The listener cname re-association calls eap_is_authenticated(), whose
declaration lives under HAVE_SRP_SUPPORT, so the build broke when SRP
support is disabled. Guard the call. Without SRP the re-association
refuses: the cname is not a per-peer secret, so a peer must not be
migrated to a new source tuple without an authenticated session.
Thanks to Gyan Doshi for the report.
Adding --blind-send to the help text pushed the single usage string
literal past the 4095-character limit C99 requires a compiler to
support, so a -Wpedantic -std=c99 -Werror build failed with
-Woverlength-strings.
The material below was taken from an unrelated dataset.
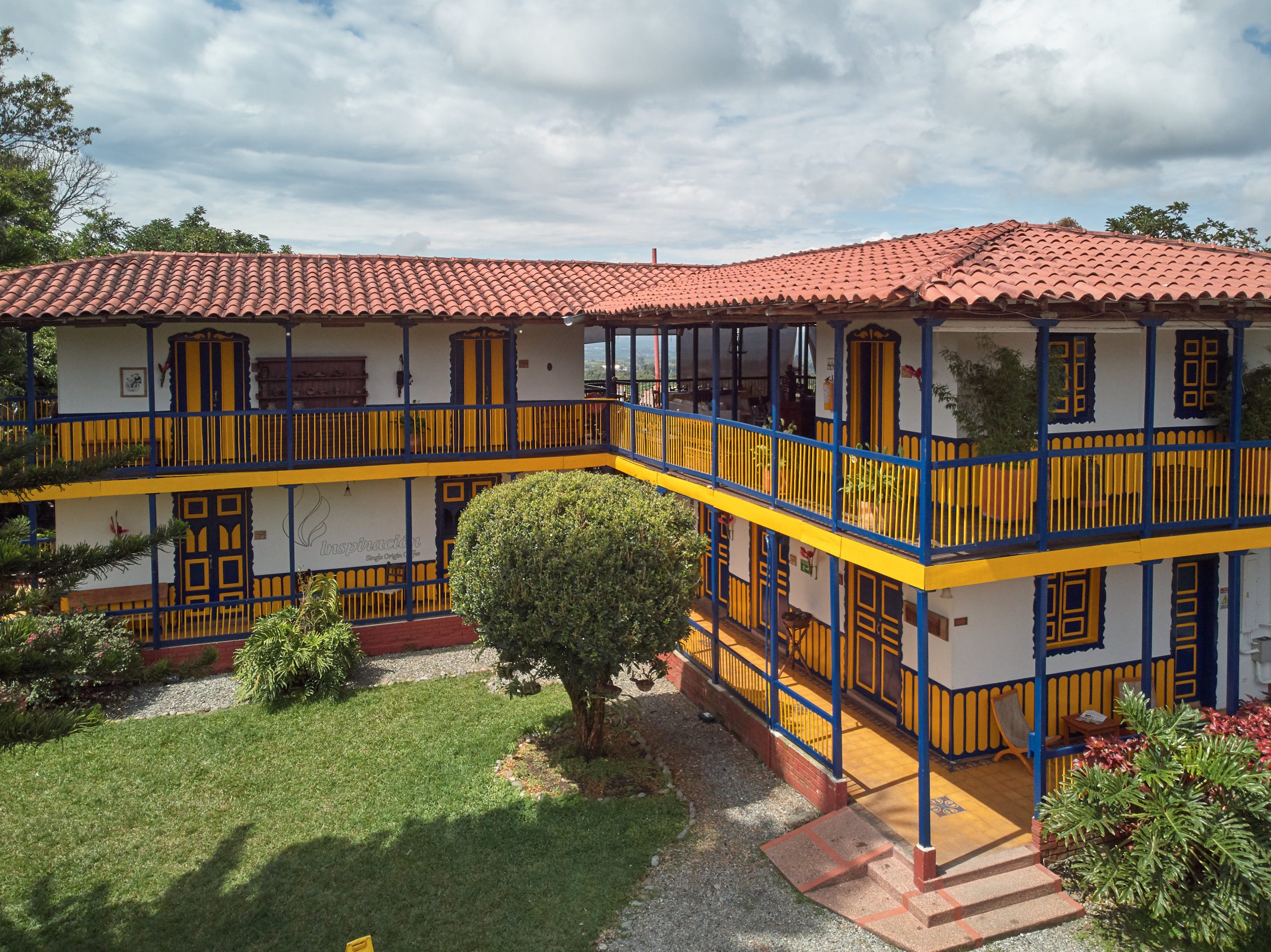 Hacienda Combia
Split the help text into two literals printed
back to back; the output is unchanged.
Thanks to Florian Ernst for the report.
When an Advanced flow upgrades from Main to Advanced wire framing
mid-stream, the two framings carry source_time in different timestamp
domains, so the switch resets the flow timing baseline. That reset
re-derived time_offset but left the clock-drift sample buffer full of
stale Main-domain samples. The next median recalculation then jumped
the offset by several seconds and released the whole receiver buffer at
once, overflowing the data-out fifo. Because test_send_receive treats
any ERROR-level log as fatal at 0% loss, the single "Rist data out fifo
queue overflow" line failed the advanced+unicast+client tests, most
reproducibly on slower build hosts.
Clear the drift samples on the baseline reset, matching the existing
clock-wrap reset path.
Thanks to Florian Ernst for the detailed report and build logs.
Three fixes had landed without a changelog entry: the risttunnel SRP
credential presentation on the sender/client legs, the rist_oob_dequeue
use-after-free guard, and the rist_receiver_data_block_free2() NULL
guard. Every commit since the 0.2.18 release is now covered.
An Advanced-profile sender indexes its retransmit buffer by the 32-bit
advanced sequence (seq_index, keyed by seq & (queue_max - 1)). Under
TR-06-3 an Advanced device starts every peer in Main and only frames
Advanced once that peer advertises I=1, so a peer that stays in Main
requests retransmits with a 16-bit RTP sequence and nack_seq_msb = 0.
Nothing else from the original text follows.